Requirement: Read through the listing and copy every line that contains the word "Long".
(Data records Opens)
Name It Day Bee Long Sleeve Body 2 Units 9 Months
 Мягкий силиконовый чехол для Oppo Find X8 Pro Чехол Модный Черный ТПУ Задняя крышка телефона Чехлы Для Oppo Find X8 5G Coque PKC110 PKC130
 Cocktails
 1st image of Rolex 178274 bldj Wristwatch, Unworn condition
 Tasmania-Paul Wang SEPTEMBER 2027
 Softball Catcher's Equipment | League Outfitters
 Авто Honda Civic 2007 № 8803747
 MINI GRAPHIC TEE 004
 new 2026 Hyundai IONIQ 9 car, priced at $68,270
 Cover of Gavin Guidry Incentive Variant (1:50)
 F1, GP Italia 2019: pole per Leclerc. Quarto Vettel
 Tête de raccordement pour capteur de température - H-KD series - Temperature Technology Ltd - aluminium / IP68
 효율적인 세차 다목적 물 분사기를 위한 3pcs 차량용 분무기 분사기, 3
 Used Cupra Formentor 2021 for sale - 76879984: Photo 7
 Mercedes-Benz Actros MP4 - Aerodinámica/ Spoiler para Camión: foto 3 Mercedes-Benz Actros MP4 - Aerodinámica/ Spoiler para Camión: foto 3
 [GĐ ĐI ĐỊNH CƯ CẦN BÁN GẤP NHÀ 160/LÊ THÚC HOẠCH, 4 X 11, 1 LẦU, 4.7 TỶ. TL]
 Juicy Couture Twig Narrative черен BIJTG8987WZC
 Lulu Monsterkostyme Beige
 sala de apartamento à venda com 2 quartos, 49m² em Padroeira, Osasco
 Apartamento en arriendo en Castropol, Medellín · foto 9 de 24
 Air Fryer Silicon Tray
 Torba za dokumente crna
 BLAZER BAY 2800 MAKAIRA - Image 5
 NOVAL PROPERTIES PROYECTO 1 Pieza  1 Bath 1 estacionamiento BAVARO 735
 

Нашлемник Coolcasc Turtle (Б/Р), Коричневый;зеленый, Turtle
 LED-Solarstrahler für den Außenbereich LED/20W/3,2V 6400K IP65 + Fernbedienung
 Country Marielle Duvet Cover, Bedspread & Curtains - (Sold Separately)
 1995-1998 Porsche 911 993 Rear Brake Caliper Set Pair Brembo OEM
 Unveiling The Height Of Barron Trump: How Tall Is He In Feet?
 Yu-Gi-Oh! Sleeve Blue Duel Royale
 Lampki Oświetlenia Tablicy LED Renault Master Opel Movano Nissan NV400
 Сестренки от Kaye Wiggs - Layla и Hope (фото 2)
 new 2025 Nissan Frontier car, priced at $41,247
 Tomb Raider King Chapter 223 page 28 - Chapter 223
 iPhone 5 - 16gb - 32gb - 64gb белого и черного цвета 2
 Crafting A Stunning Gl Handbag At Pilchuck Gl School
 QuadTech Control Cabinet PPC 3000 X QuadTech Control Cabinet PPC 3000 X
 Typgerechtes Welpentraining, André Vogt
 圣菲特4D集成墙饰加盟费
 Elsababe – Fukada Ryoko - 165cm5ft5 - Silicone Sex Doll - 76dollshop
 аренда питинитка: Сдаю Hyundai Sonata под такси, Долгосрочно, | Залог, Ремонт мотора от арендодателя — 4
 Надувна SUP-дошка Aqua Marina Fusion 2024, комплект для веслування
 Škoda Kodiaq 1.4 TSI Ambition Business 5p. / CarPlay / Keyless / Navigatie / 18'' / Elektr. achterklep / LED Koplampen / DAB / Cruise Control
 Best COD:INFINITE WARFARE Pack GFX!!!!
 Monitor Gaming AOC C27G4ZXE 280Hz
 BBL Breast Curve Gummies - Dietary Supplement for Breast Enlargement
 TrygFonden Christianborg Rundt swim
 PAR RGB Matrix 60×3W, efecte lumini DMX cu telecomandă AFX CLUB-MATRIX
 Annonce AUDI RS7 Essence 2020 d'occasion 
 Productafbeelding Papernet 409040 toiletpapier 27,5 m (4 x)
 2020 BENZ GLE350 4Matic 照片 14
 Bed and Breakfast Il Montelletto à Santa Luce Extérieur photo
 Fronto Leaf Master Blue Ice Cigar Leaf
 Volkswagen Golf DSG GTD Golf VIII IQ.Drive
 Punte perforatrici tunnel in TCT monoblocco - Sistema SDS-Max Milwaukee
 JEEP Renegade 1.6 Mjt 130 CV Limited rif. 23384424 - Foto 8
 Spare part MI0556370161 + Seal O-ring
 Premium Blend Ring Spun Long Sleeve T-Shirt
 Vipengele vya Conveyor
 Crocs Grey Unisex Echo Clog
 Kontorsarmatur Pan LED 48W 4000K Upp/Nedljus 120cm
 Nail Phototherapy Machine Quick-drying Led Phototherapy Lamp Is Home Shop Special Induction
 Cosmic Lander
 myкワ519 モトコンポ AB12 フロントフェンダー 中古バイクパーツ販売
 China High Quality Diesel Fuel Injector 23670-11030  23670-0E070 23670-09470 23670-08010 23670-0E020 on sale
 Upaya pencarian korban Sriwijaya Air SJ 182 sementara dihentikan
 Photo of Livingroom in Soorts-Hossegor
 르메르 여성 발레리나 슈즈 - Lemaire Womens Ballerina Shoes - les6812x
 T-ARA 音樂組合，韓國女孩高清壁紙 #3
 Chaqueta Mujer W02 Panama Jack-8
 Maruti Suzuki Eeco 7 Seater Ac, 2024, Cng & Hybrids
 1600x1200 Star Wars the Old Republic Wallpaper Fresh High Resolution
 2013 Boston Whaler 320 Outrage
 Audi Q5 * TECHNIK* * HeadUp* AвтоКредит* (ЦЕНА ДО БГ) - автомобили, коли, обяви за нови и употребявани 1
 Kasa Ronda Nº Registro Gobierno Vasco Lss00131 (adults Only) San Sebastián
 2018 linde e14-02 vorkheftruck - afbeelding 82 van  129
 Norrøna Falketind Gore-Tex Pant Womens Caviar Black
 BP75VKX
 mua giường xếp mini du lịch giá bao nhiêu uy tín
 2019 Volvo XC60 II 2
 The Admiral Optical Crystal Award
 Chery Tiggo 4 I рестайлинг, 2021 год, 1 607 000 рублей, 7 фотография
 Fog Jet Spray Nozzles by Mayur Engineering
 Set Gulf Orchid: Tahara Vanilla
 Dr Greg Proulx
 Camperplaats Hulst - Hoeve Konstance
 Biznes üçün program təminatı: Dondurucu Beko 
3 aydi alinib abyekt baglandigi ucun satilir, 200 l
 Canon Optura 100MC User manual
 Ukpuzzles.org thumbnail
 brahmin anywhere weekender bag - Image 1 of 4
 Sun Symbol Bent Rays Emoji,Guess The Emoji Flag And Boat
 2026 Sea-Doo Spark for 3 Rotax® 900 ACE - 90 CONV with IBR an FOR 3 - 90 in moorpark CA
(Data records Closes)
Final answer:
Name It Day Bee Long Sleeve Body 2 Units 9 Months
 Premium Blend Ring Spun Long Sleeve T-Shirt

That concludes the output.